__Dataset excerpt__:
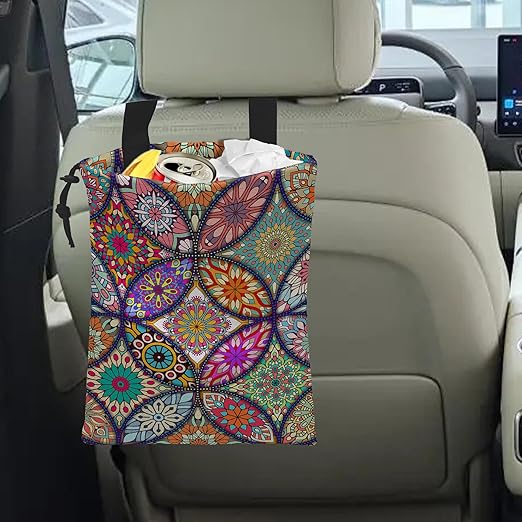 Car Trash Bag Hanging Mandala Flower Car Trash Can Waterproof Garbage Bag Hanging for Car Back Seat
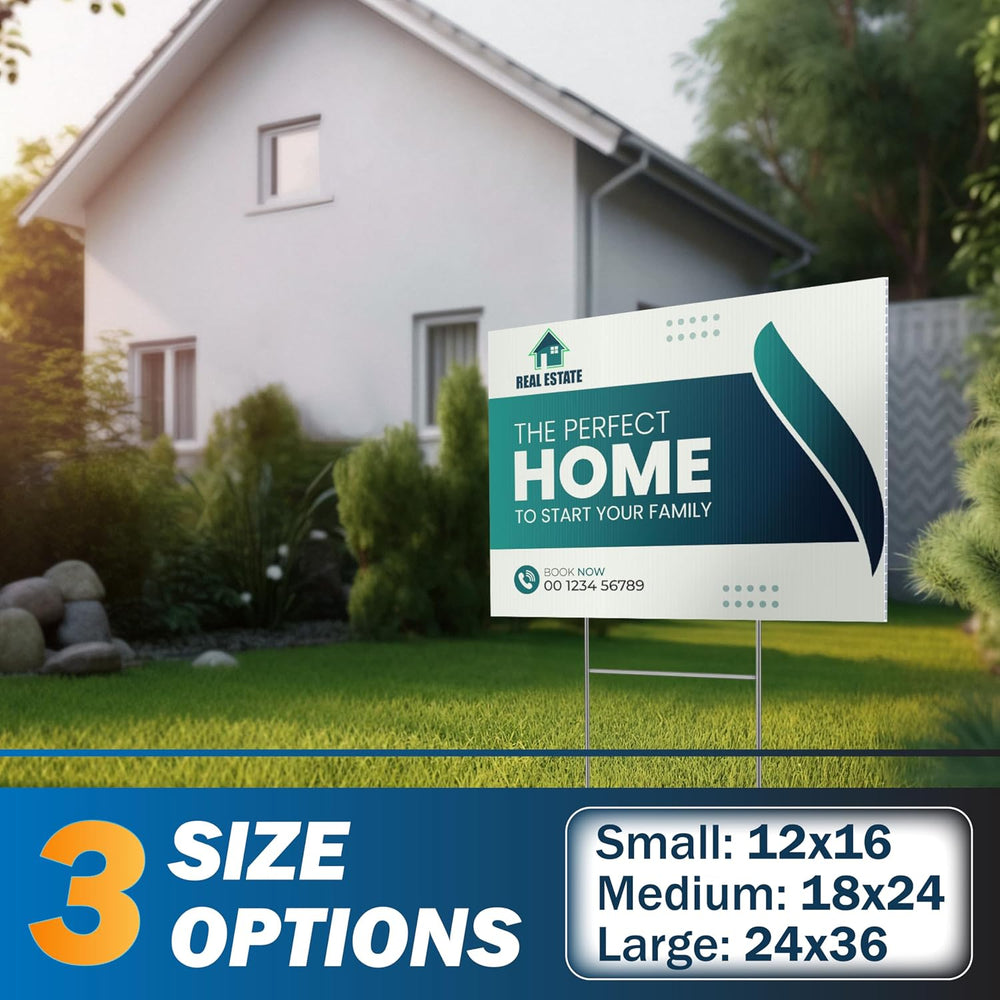 Pack of 10, Custom Yard Sign - Upload Your Design, 3 Sizes, 35 Backgrounds, 2...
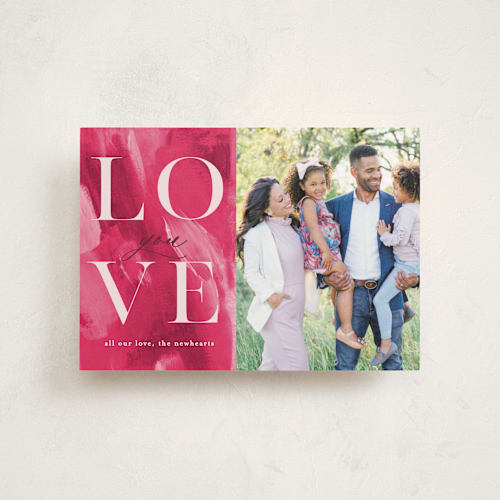 This is a merlot valentine postcards with standard by Zhay Smith called love you so much printing on signature in postcard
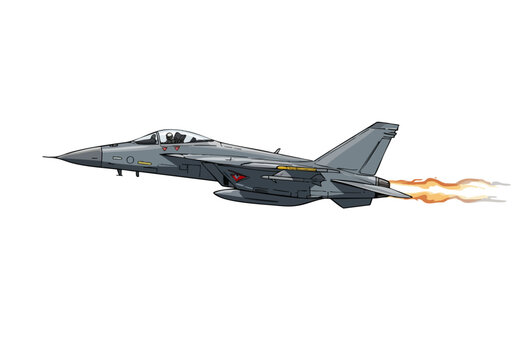 A stylized illustration of an NDP Sky Salute fighter jet in flight, emitting flames. Bold, graphic style. Perfect for aviation, military, or technology themes.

__Work request__: Output each line above exactly as it stands, omitting the pictures.

__Result of this task__:
 Car Trash Bag Hanging Mandala Flower Car Trash Can Waterproof Garbage Bag Hanging for Car Back Seat
 Pack of 10, Custom Yard Sign - Upload Your Design, 3 Sizes, 35 Backgrounds, 2...
 This is a merlot valentine postcards with standard by Zhay Smith called love you so much printing on signature in postcard
 A stylized illustration of an NDP Sky Salute fighter jet in flight, emitting flames. Bold, graphic style. Perfect for aviation, military, or technology themes.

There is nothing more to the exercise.